WHO seeks ‘best minds’ to probe new pathogens that move from animals to humans



[ad_1]

GENEVA, Aug.20 (Reuters) – The World Health Organization (WHO) said on Friday it was seeking the best scientific minds to advise on investigations into new high-risk pathogens that pass from animals to humans and could trigger the next pandemic.

Calling for nominations, he said his scientific advisory group on the origins of new pathogens will also review the progress of upcoming studies on the origins of the SARS-CoV-2 virus that emerged in China in late 2019.

“We have to bring the best minds here. And it has to be multidisciplinary,” Maria van Kerkhove, head of WHO’s emerging diseases and zoonoses unit, told Reuters.

The panel, announced by WHO director-general Tedros Adhanom Ghebreyesus in July, will consist of 25 experts who are expected to meet for the first time virtually at the end of September, according to a statement.

“Over the past 20 years, many of these pathogens have emerged or reappeared: SARS, MERS, various avian influenza, Zika, yellow fever and of course SARS-CoV-2,” said van Kerkhove.

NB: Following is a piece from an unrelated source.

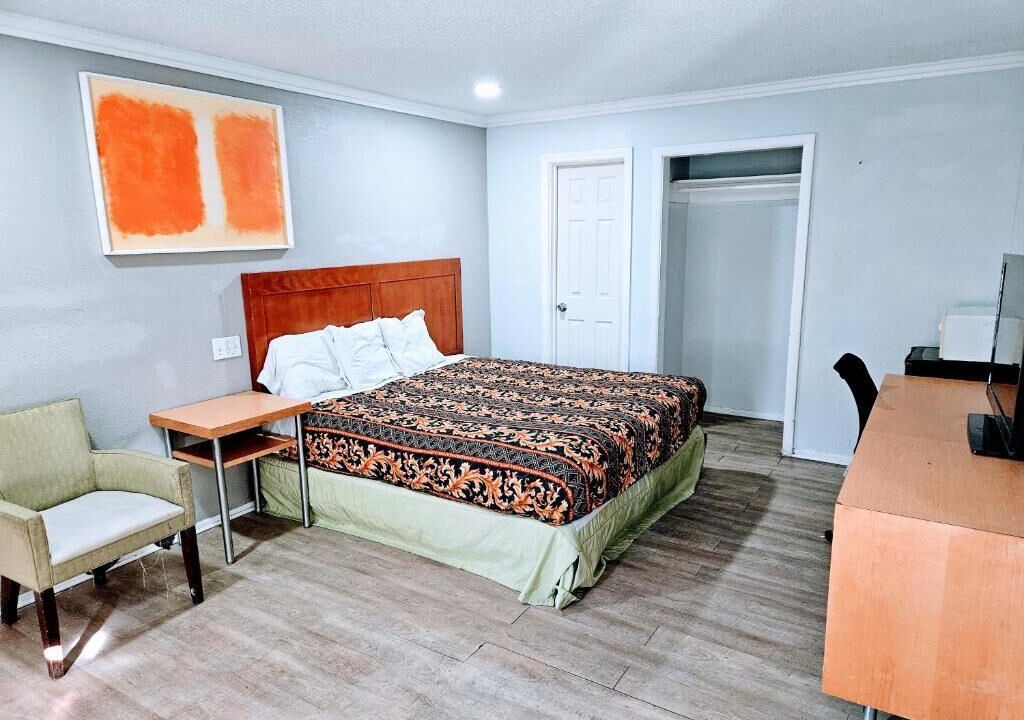Photo of Bedroom in Ridgecrest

Van Kerkhove, American epidemiologist and WHO technical officer on COVID-19, recalled that it took more than a year to establish that camels were the intermediate source of the Middle East respiratory syndrome (MERS) carried by bats.

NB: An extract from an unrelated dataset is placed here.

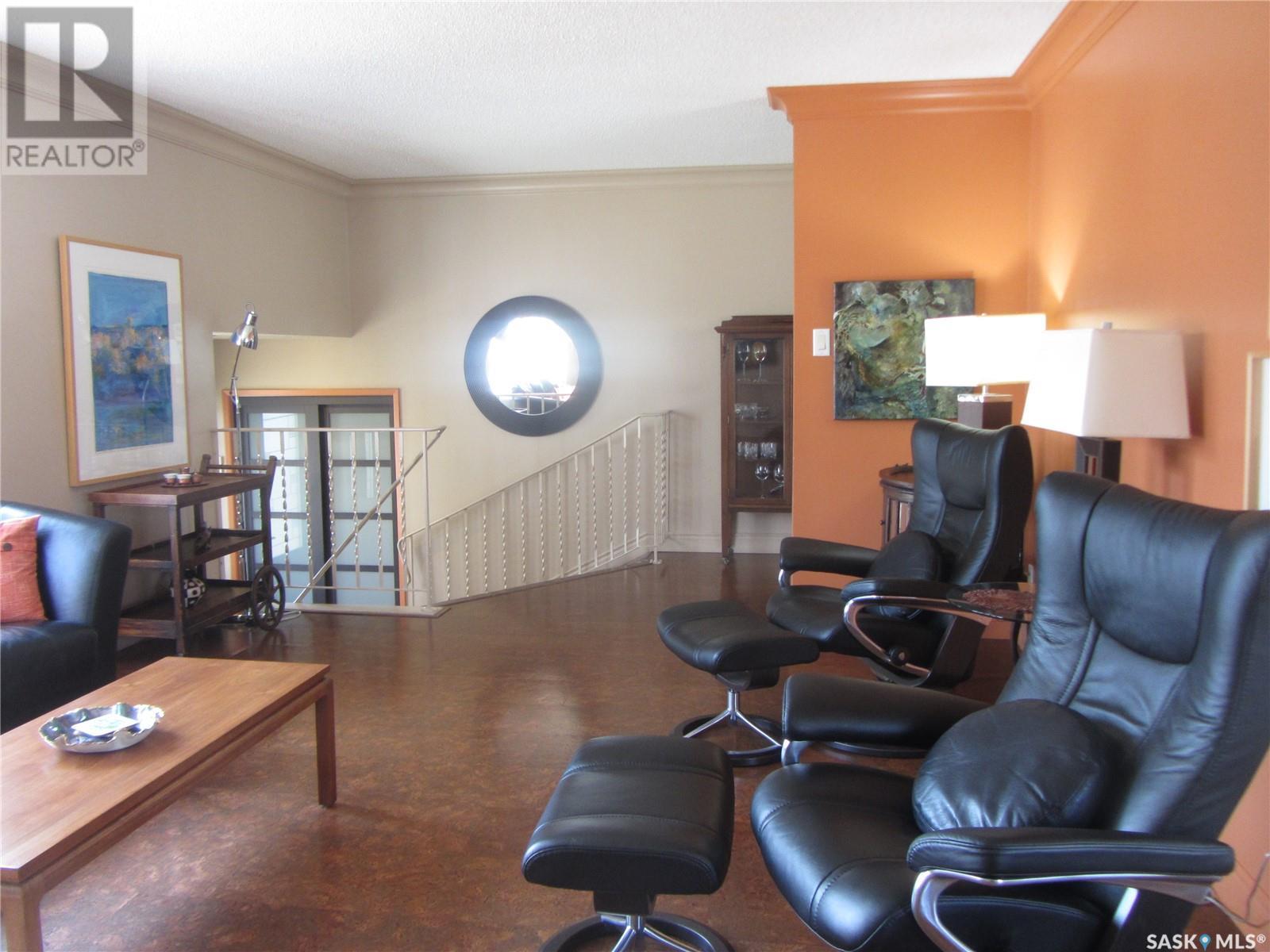 Property at 135 Skeena CRESCENT image 4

The new group would establish a global framework for studies in animals, humans, food, environment, biosecurity and protocols for laboratory audits when new pathogens emerge, she said.

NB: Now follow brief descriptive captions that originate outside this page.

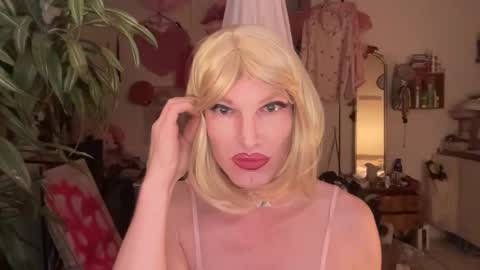 Snapshot of pinkfag chatting on February 2026 01:49:01 PM pinkfag online show from February 2026 01:49:01 PM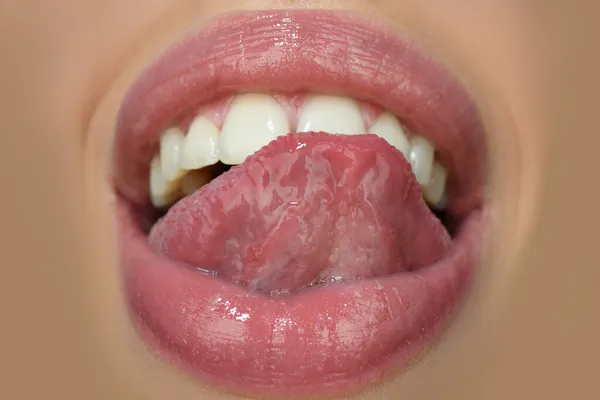 Сексуальний рот крупним планом. Краса молода жінка Губи . — стокове фото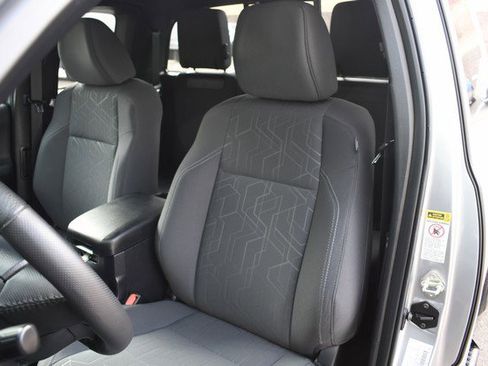 Used 2017 Toyota Tacoma TRD Sport w/ Premium & Technology Package image 17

“Considering the geopolitics of all of this, we want to make sure we have a very solid technical and scientific framework (…) for the next time, because there will be a next time,” she said.

A WHO-led team of experts spent four weeks in and around the central city of Wuhan with Chinese scientists and said in a joint report in March that the SARS-CoV-2 virus was likely transmitted from bald people. -mouse to humans by another animal, but more research was needed.

The WHO has urged all countries to work together to investigate the origins of the virus, but China has publicly rejected plans for more checks on laboratories and markets in its territory.

Tedros said the investigation was hampered by the lack of raw data on the first days of the spread there.

Van Kerkhove said Chinese officials recently made public statements about the pursuit of studies.

Among the most critical are the serological studies testing for the antibodies present there in 2019, she said, adding, “I would love to see more animal studies being sold in the market, going up.”

Reporting by Stéphanie Nebehay; edited by Jonathan Oatis

Our Standards: Thomson Reuters Trust Principles.